◆ **RECORDS SHOWN**:
··········

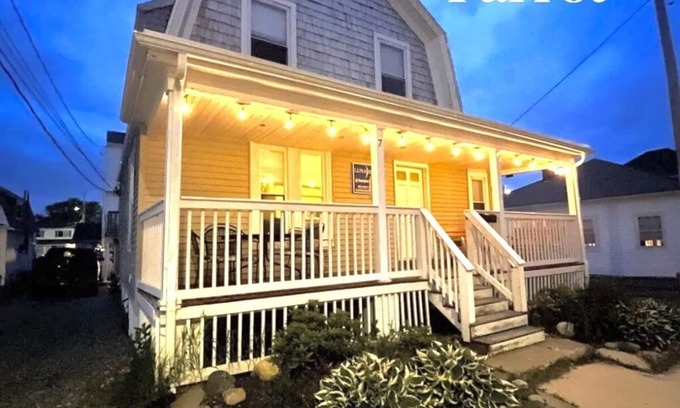 Hampton House | Beautiful 4 bedroom, 1.5 bath Beach Cottage with Central AC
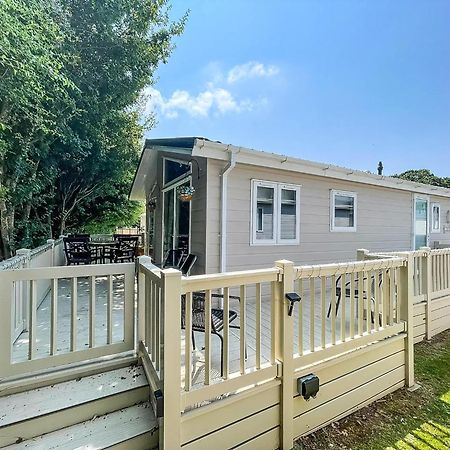 Stunning Lodge With Decking At Oaklands Holiday Park In Essex Ref 39017Rw Клактон-он-Си Экстерьер фото
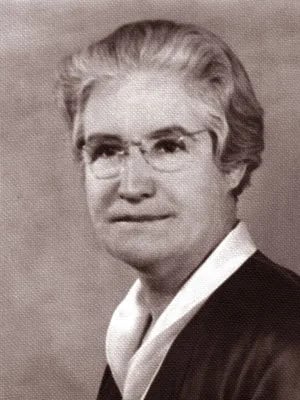 Portrait of Edith Alice Macia (1884–1974) – memorial page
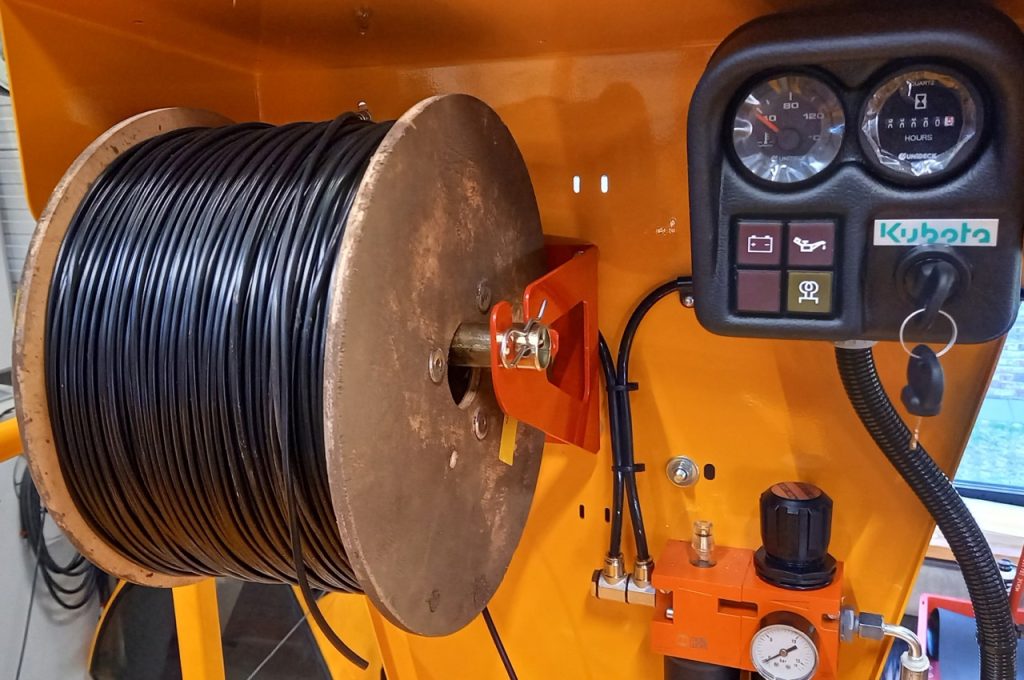 Bindbuisrolhouder tegen schutbord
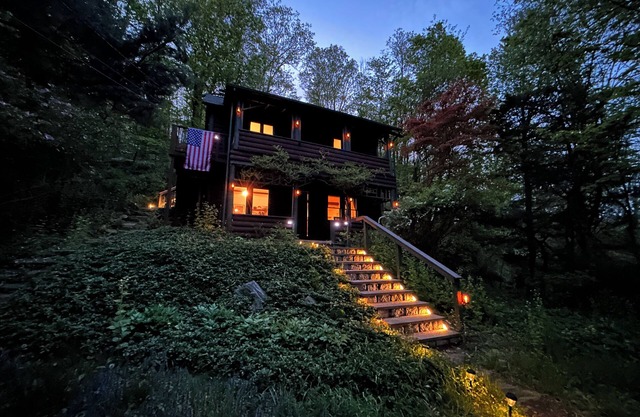 Peaceful and historic woodland cabin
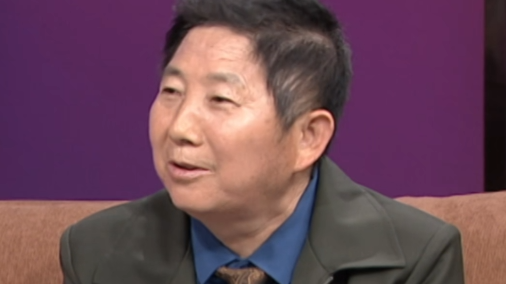 相伴多年的夫妻吵都吵不离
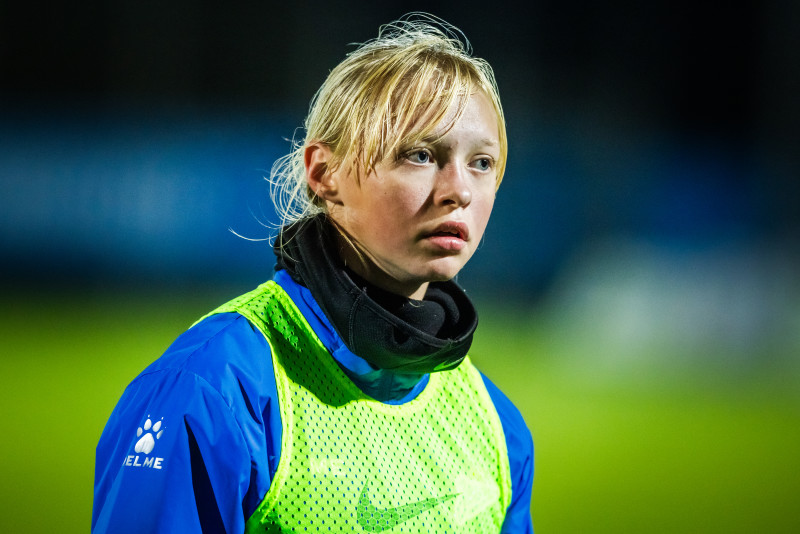 Тренировка женской молодежной команды «Зенит» перед матчем с «ЦСКА»-м (Москва)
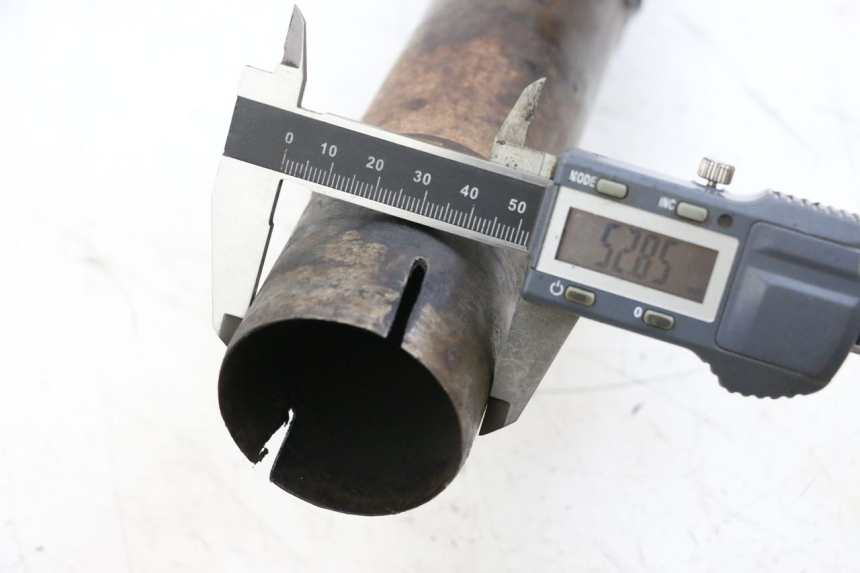 photo de EXHAUST SILENCER KAWASAKI GPZ RX 1000 (1986 - 1988) - Technical close-up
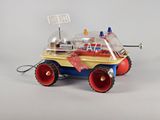 une petite voiture sur laquelle est posée une radio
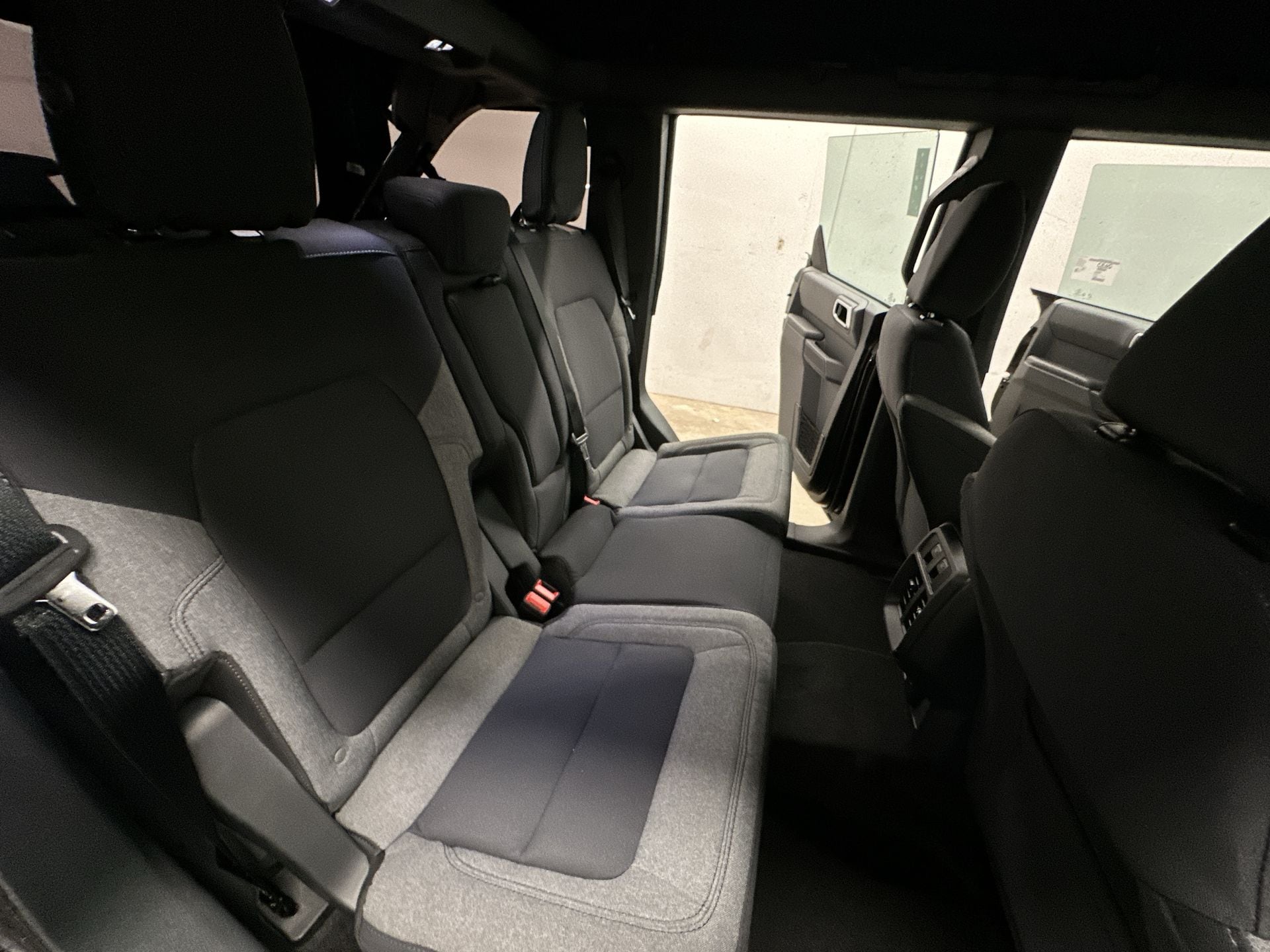 Thumbnail: 2025 Ford Bronco - 23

··········

◆ **YOUR GOAL**: Once the pictures are set aside, write out each record exactly.

◆ **RESPONSE TO THE TASK**:
 Hampton House | Beautiful 4 bedroom, 1.5 bath Beach Cottage with Central AC
 Stunning Lodge With Decking At Oaklands Holiday Park In Essex Ref 39017Rw Клактон-он-Си Экстерьер фото
 Portrait of Edith Alice Macia (1884–1974) – memorial page
 Bindbuisrolhouder tegen schutbord
 Peaceful and historic woodland cabin
 相伴多年的夫妻吵都吵不离
 Тренировка женской молодежной команды «Зенит» перед матчем с «ЦСКА»-м (Москва)
 photo de EXHAUST SILENCER KAWASAKI GPZ RX 1000 (1986 - 1988) - Technical close-up
 une petite voiture sur laquelle est posée une radio
 Thumbnail: 2025 Ford Bronco - 23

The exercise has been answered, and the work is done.